Handling Different Sitemap Types
Sitemaps come in different forms:
- Standard Sitemaps: These contain a list of URLs in
<url>
elements. - Sitemap Indexes: These contain links to other sitemaps in
<sitemap>
elements. - Specialized Sitemaps: Some sites have separate sitemaps for news, products, images, or videos.
Our code handles all these cases by:
- Checking for both
<urlset>
(standard sitemap) and<sitemapindex>
(sitemap index) elements - Recursively processing nested sitemaps
- Limiting the total number of links to avoid memory issues
Method 2: Using CaptureKit API (Recommended)
While the Node.js approach is flexible, it requires handling HTTP requests, XML parsing, error handling, and recursive sitemap traversal. CaptureKit API offers a simpler solution that handles all these complexities for you.

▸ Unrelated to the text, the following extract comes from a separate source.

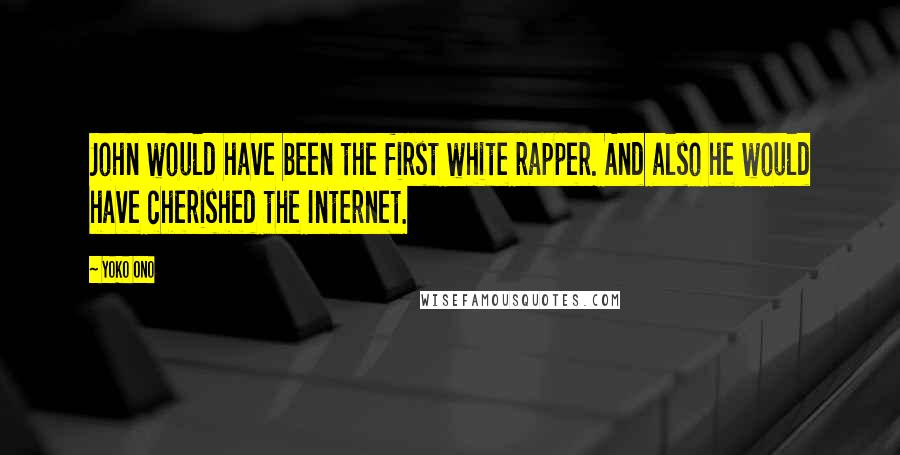 Yoko Ono Quotes: John would have been the first white rapper. And also he would have cherished the Internet.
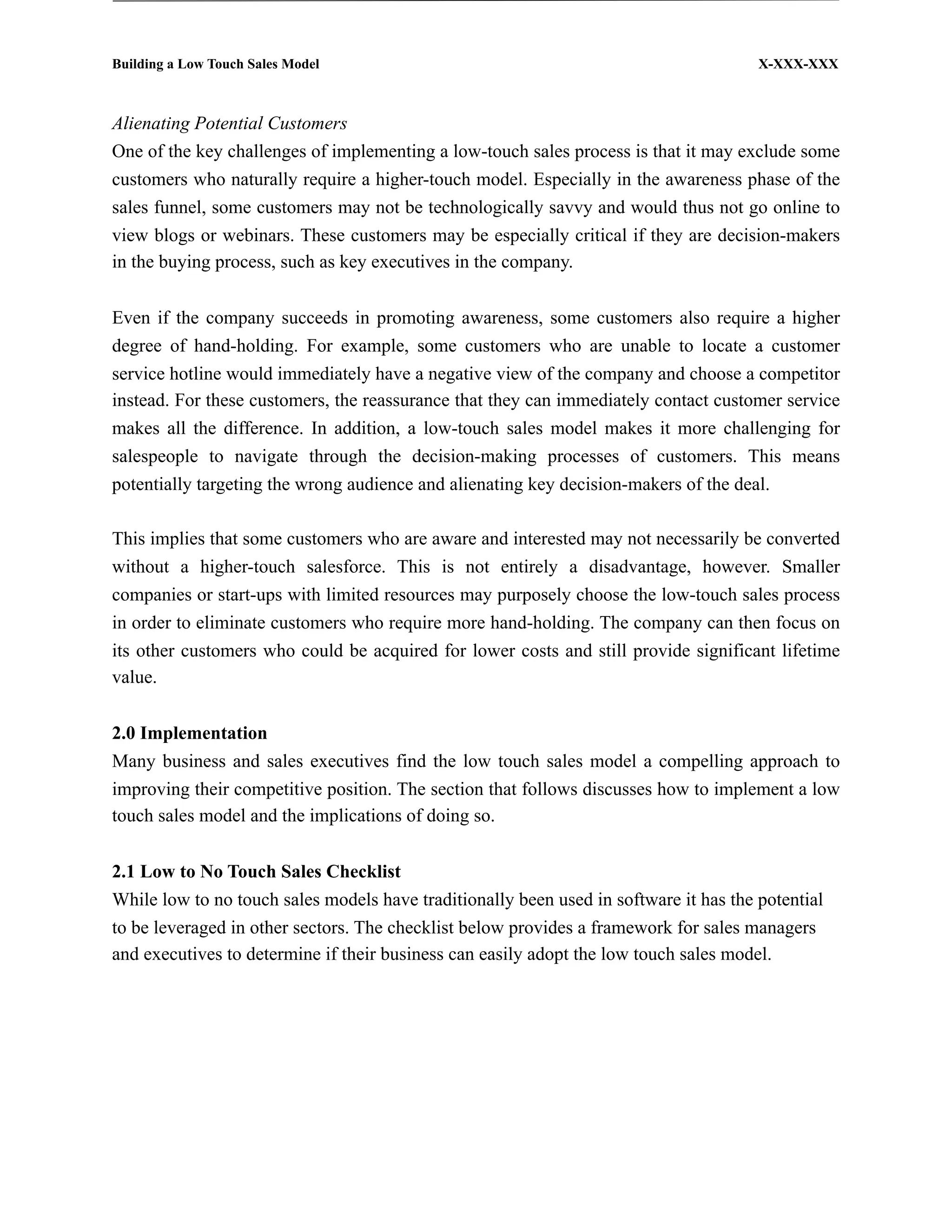 Building a Low Touch Sales Model                                                       X-XXX-XXX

Here's how to use CaptureKit API to extract sitemap data:
curl "https://api.capturekit.dev/content?url=https://example.com&access_key=YOUR_ACCESS_KEY&include_sitemap=true"
The API response includes organized sitemap data along with other useful website information:
{
"success": true,
"data": {
"metadata": {
"title": "Example Website",
"description": "Example website description",
"favicon": "https://example.com/favicon.ico",
"ogImage": "https://example.com/og-image.png"
},
"sitemap": {
"source": "https://example.com/sitemap.xml",
"totalLinks": 150,
"links": [
"https://example.com/",
"https://example.com/page-content",
"https://example.com/ai"
// More links here...
]
}
}
}
Benefits of Using CaptureKit API
- Simplicity: One API call instead of dozens of lines of code
- Reliability: Handles all edge cases, redirects, and error conditions
- Performance: Optimized for speed and efficiency
- Additional Data: Get website metadata alongside sitemap information
- No Maintenance: No need to update your code when sitemap formats change
Conclusion
Extracting links from sitemaps is essential for many web scraping and SEO tasks. While our Node.js solution provides a comprehensive approach with full control, CaptureKit API offers a more convenient alternative that handles the complexities for you.
Choose the method that best fits your needs:
- Use the Node.js solution if you need full control over the extraction process
- Use CaptureKit API if you want a quick, reliable solution with minimal code
By leveraging sitemaps, you can efficiently access a website's structure and content without having to crawl every page manually, saving time and resources while ensuring you don't miss important content.